Minggu pagi, aku turun ke dapur dengan masih memakai piyama untuk mengambil sereal, ketika kulihat Claire memasuki dapur beberapa menit kemudian. Belum pernah dia terlihat segembira itu mendapatiku ada di dapur, sedang menuangkan susu pada mangkukku.

"Mana Mom dan Dad?" tanyanya segera.

"Mereka sedang keluar, ada janji dengan Mr. Manson masalah perbaikan pintu garasi atau semacamnya." aku memandangnya penasaran, "Ada apa?"

"Apa lagi!" dia menyeretku ke meja makan, "Ceritakan tentang Ethan!"

"Astaga. Kau betul-betul keras kepala." ujarku letih.

Kemudian dia melonjak-lonjak di tempat seperti anak anjing yang hendak diajak jalan-jalan, "Ceritakan! Apa yang kau lakukan dengannya kemarin? Apa dia menembakmu? Apa dia menciummu?"

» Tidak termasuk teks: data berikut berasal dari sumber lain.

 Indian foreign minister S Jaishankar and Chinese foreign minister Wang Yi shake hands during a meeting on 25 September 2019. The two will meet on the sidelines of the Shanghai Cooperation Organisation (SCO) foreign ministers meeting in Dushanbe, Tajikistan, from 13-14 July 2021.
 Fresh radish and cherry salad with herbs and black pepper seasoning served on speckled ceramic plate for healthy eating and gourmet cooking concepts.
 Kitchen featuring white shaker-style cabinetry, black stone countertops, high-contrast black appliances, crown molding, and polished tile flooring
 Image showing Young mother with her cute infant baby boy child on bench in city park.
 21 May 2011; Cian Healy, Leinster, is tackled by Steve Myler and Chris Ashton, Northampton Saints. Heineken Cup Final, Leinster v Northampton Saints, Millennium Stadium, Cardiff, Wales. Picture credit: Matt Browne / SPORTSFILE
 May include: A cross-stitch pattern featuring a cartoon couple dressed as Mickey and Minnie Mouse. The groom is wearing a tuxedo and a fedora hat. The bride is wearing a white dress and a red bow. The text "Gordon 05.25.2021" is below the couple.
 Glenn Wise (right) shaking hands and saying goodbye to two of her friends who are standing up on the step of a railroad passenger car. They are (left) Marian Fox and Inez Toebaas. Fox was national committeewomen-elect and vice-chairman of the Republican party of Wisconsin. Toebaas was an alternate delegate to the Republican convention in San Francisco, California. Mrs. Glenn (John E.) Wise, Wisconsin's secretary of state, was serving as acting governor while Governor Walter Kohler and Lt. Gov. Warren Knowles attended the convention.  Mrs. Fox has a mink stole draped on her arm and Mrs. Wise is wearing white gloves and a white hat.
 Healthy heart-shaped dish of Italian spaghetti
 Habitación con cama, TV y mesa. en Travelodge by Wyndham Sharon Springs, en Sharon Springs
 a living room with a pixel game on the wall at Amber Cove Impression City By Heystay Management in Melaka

"Apa isi otakmu hanya soal itu?" aku menatapnya tak percaya. Maka akhirnya, mau tidak mau aku menceritakan soal St. Carollus dan Rose, juga kenyataan bagaimana Ethan ternyata sangat peduli pada anak itu. Namun aku tetap bertahan tidak menceritakan bagian 'sensitif'nya. Karena aku masih punya cukup akal sehat. Bagaimana kalau dia tak sengaja membocorkan hal itu ke semua orang di sekolah?

Pada akhir ceritaku, mata Claire berkaca-kaca. 

Aku memandangnya keheranan, "Kau kenapa?"

"Ethan Dodson, ternyata seorang cowok yang sangat perasa." desahnya sambil menerawang, kemudian dia meneruskan dengan agak histeris, "Mana ada remaja cowok di jaman ini yang mempedulikan nasib seorang anak yatim piatu?!" matanya membulat, "Jangan-jangan dia punya dua kepribadian?! Yang satu cuek dan kejam namun di satu sisi dia bisa menjadi sangat lembut dan penuh perhatian?"

"Kau kebanyakan nonton drama." komentarku pendek.

"Atau mungkinkah..." imajinasi Claire mendadak liar, "...Rose sebetulnya adalah anak kandungnya?!"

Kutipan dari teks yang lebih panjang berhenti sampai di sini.